#### Assigned task
Locate the line that contains "Austria, Vienna hand mirror silver sterling" in the data that follows. Copy it and every subsequent line to the end, exactly, excluding pictures.

** Data listing follows **

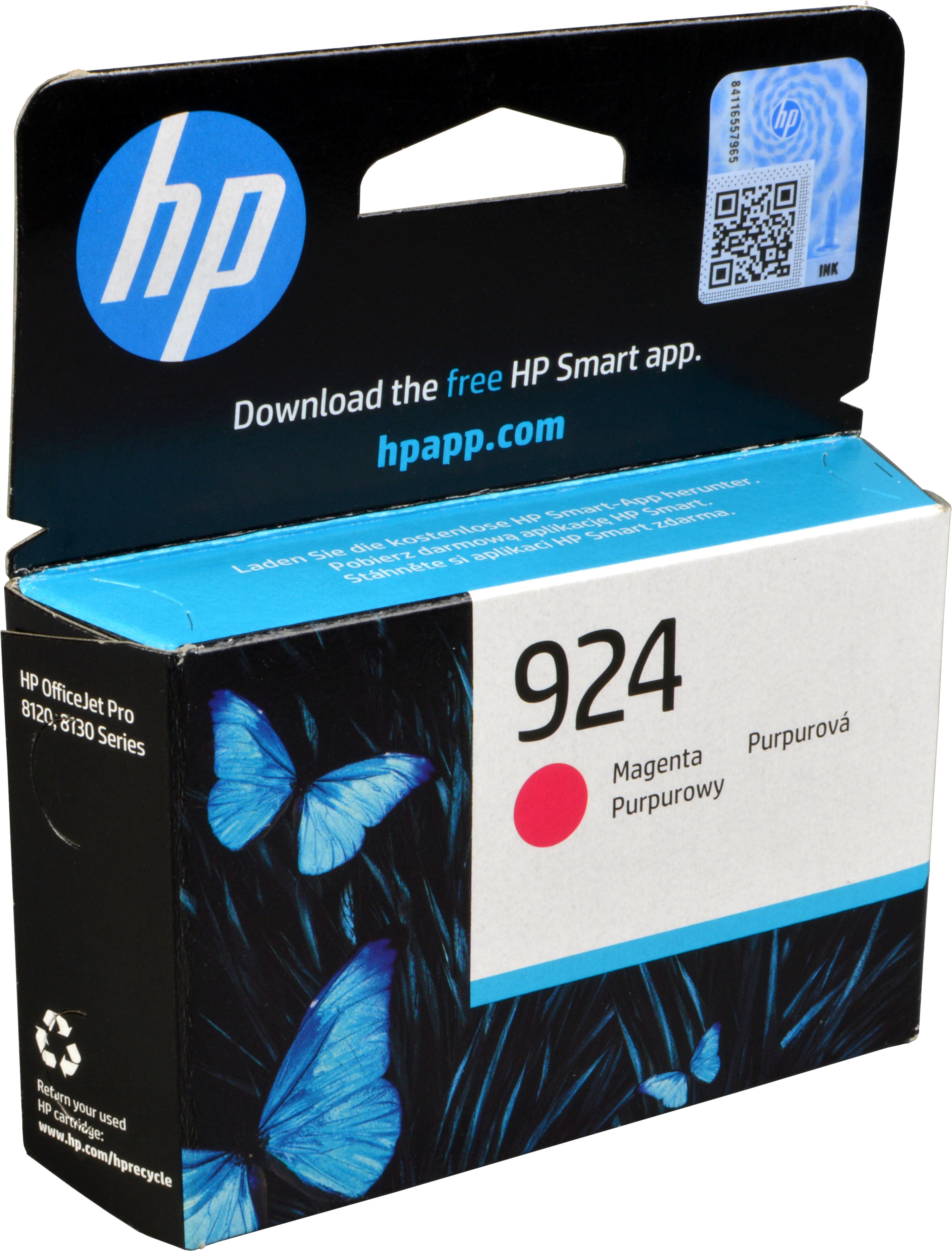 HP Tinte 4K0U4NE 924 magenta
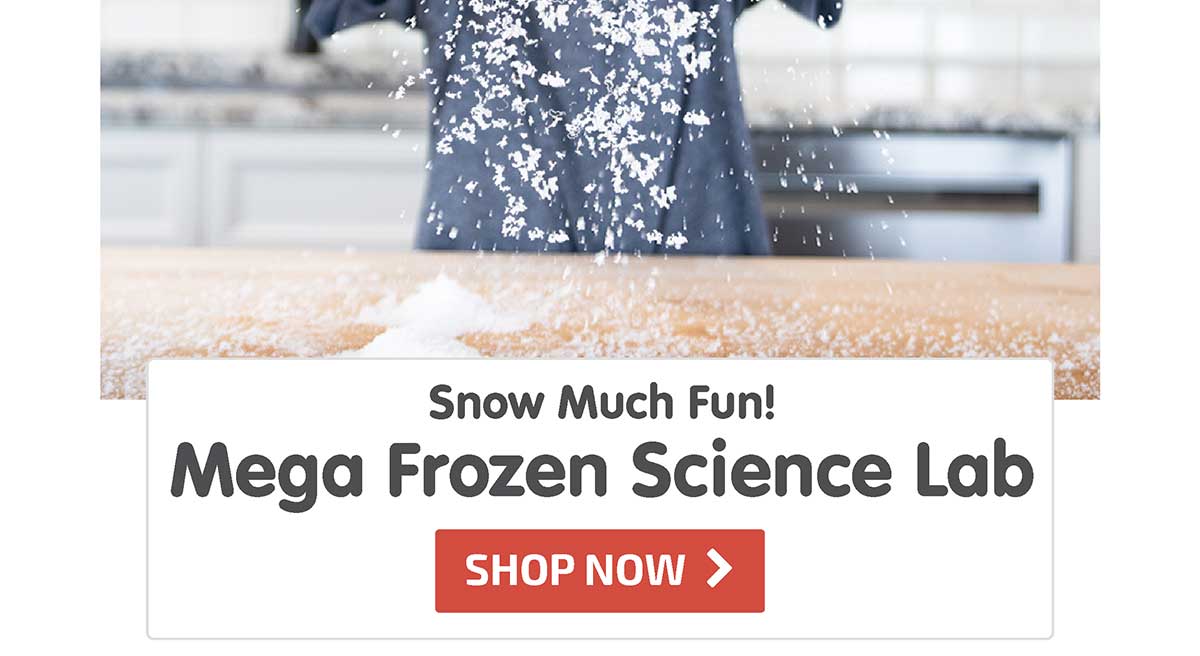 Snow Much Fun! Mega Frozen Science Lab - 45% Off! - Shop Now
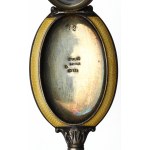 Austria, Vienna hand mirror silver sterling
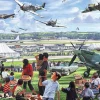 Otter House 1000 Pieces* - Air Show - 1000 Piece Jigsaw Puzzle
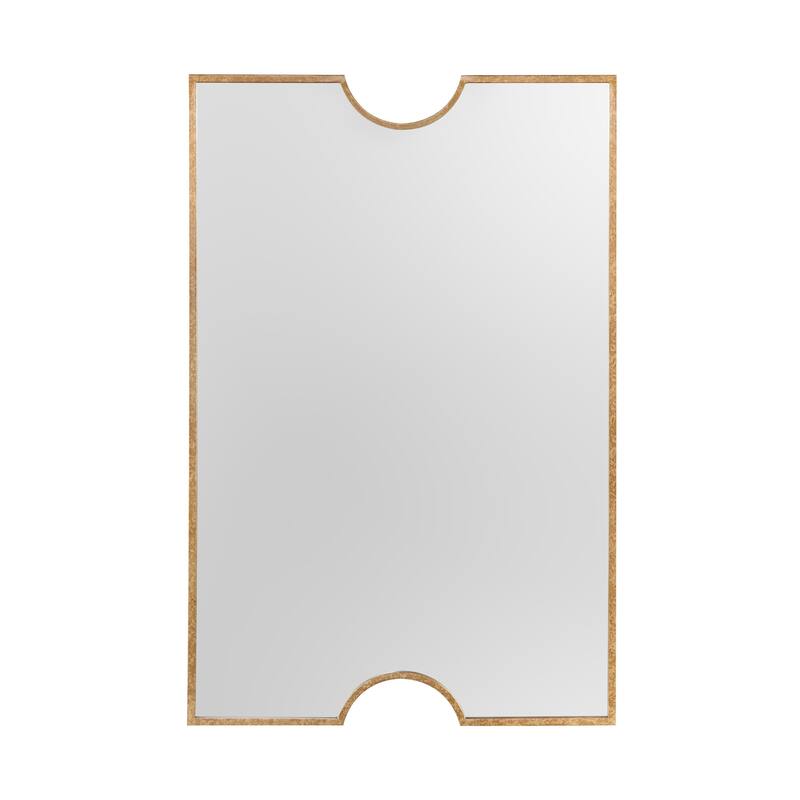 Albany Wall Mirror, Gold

** End of Data listing **

#### Your solution
 Austria, Vienna hand mirror silver sterling
 Otter House 1000 Pieces* - Air Show - 1000 Piece Jigsaw Puzzle
 Albany Wall Mirror, Gold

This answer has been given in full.